Collected material |
========================================

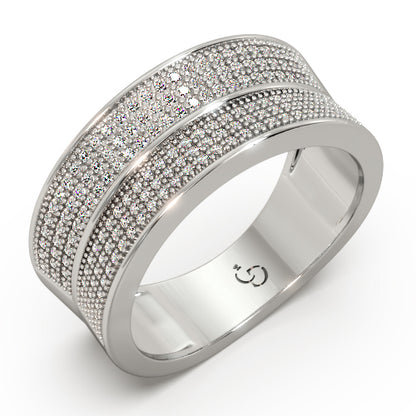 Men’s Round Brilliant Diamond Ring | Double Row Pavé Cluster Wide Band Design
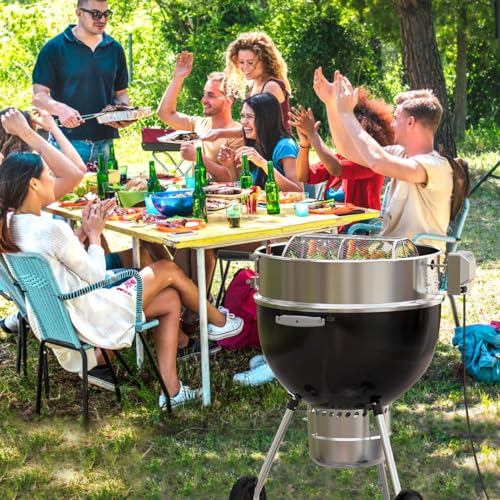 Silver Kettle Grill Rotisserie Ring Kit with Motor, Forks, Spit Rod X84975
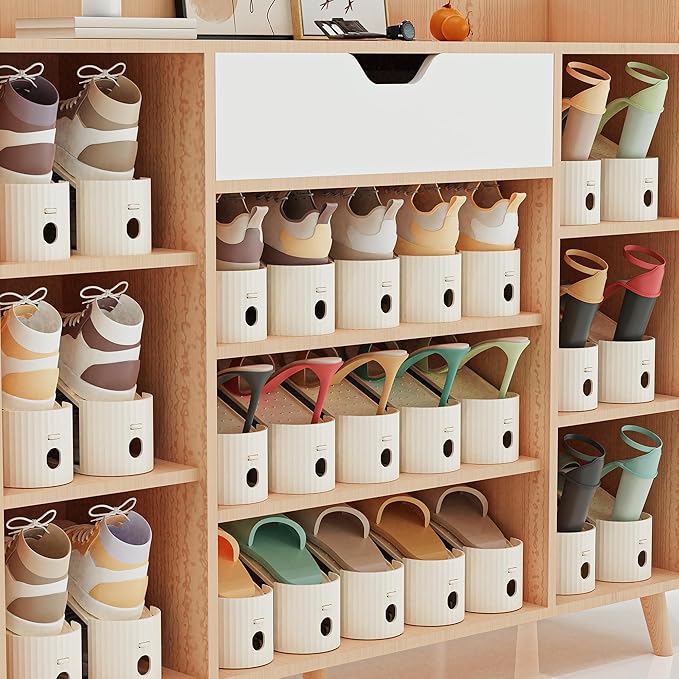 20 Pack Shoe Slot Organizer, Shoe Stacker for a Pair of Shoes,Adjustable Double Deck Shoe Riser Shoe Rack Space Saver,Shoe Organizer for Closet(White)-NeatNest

========================================

Work order |
Return the full set of lines above word for word and with no pictures.

Reply |
 Men’s Round Brilliant Diamond Ring | Double Row Pavé Cluster Wide Band Design
 Silver Kettle Grill Rotisserie Ring Kit with Motor, Forks, Spit Rod X84975
 20 Pack Shoe Slot Organizer, Shoe Stacker for a Pair of Shoes,Adjustable Double Deck Shoe Riser Shoe Rack Space Saver,Shoe Organizer for Closet(White)-NeatNest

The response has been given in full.